START DATA TO PROCESS

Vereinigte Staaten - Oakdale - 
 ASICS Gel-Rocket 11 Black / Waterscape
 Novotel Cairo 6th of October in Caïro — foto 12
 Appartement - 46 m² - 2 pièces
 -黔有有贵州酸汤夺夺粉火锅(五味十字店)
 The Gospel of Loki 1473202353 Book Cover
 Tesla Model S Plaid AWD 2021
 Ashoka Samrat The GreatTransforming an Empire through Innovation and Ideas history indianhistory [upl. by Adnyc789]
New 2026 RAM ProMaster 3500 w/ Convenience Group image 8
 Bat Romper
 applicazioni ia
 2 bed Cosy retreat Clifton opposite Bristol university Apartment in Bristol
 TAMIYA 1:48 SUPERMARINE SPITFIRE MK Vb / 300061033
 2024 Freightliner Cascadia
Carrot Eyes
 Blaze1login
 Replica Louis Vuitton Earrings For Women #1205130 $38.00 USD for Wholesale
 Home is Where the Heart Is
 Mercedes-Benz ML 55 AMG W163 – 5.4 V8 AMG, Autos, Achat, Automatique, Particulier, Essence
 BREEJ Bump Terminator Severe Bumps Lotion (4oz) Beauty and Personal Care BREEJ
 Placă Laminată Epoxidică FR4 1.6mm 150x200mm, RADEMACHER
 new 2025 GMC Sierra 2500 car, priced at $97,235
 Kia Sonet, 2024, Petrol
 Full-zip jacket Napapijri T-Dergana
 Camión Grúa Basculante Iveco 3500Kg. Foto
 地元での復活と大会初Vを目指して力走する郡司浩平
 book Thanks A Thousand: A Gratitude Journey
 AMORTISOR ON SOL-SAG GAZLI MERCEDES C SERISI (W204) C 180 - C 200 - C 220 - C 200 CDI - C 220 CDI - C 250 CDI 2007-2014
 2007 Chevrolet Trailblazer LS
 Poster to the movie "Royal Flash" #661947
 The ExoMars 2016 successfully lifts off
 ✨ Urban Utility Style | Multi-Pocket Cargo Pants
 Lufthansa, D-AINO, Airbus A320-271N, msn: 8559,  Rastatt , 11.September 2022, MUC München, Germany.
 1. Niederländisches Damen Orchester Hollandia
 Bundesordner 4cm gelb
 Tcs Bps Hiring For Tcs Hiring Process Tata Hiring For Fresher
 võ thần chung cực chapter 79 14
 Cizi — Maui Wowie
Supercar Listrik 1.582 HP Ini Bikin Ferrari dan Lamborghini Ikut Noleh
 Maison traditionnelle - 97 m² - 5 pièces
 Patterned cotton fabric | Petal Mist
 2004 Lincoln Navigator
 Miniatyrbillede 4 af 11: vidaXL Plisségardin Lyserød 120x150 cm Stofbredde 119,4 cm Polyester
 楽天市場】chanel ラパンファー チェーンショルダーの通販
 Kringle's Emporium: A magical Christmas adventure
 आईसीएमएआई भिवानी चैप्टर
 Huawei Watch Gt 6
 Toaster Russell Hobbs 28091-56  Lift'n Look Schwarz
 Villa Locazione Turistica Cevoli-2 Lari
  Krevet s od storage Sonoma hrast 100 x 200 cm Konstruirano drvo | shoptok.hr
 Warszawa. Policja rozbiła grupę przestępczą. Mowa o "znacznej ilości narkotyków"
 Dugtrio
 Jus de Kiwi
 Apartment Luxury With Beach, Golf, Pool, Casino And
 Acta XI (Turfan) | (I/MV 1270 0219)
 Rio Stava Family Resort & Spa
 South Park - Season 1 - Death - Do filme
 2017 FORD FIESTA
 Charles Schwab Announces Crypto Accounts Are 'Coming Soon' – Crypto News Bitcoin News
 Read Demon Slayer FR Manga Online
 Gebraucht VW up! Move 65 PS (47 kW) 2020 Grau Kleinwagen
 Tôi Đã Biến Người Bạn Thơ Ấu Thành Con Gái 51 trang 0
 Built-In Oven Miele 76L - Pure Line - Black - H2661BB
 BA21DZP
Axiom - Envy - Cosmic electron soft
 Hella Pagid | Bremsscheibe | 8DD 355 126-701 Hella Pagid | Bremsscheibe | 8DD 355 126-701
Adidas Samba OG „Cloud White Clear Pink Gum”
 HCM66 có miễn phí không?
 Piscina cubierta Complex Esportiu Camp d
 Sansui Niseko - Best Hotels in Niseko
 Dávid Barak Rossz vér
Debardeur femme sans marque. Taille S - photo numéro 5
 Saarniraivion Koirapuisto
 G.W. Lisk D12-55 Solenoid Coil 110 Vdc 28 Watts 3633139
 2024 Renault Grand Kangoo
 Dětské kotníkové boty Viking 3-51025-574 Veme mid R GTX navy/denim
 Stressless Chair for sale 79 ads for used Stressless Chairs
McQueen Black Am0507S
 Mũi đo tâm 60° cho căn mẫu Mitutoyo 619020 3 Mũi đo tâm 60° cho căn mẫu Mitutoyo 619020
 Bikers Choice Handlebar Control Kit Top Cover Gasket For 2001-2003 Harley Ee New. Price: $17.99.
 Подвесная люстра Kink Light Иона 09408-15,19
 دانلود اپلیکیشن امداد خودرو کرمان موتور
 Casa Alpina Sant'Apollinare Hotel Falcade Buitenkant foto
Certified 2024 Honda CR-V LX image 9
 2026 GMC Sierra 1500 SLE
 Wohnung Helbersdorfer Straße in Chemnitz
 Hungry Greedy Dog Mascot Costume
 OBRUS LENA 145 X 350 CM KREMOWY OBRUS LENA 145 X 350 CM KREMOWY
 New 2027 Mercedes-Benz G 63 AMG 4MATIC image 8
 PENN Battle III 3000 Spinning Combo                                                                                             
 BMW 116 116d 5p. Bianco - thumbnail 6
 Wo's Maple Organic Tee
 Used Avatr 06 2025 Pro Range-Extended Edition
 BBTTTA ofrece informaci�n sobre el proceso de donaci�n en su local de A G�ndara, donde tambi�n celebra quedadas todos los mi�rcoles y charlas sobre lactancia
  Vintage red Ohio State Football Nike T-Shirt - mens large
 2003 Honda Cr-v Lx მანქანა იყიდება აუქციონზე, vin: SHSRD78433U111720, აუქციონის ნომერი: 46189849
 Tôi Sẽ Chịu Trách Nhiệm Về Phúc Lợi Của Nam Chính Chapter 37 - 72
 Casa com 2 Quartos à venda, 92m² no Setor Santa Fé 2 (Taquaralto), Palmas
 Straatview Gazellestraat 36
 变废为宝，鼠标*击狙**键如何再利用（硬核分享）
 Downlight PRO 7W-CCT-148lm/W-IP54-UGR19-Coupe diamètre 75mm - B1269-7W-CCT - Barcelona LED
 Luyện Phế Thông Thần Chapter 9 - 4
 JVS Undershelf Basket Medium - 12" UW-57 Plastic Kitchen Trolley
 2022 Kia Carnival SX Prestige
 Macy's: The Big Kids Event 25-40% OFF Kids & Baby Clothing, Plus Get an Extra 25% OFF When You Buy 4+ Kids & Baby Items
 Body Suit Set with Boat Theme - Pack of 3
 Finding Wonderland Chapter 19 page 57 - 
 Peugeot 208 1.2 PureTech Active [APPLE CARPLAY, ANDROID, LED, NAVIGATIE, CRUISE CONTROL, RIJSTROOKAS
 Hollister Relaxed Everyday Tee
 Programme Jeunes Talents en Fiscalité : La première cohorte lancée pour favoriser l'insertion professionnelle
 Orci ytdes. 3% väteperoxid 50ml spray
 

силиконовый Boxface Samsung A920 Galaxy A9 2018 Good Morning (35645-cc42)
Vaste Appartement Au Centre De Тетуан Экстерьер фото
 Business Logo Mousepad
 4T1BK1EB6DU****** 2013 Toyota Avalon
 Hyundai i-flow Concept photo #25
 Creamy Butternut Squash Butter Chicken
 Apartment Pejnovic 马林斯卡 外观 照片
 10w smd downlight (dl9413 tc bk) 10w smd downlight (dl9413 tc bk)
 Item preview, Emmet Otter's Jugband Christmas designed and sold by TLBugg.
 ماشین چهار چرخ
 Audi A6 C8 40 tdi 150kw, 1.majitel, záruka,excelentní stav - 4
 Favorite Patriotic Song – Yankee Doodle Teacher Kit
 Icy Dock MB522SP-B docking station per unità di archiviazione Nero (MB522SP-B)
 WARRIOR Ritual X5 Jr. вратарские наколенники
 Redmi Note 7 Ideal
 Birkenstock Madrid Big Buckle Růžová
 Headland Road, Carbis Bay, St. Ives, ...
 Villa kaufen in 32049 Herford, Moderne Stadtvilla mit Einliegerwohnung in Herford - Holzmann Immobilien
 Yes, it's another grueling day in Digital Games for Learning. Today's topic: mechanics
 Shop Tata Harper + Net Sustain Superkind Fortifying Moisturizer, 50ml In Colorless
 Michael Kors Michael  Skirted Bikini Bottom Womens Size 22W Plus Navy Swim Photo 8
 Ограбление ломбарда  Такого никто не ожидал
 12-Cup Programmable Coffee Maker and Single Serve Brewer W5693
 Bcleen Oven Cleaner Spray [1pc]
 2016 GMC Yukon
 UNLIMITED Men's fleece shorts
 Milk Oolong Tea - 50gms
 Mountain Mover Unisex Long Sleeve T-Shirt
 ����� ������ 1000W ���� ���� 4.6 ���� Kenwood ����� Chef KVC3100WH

END DATA TO PROCESS

◆ WORK REQUEST ◆
Whenever a line above includes "Apartment", copy it in full.

◆ EXERCISE ANSWER ◆
 2 bed Cosy retreat Clifton opposite Bristol university Apartment in Bristol
 Apartment Luxury With Beach, Golf, Pool, Casino And
 Apartment Pejnovic 马林斯卡 外观 照片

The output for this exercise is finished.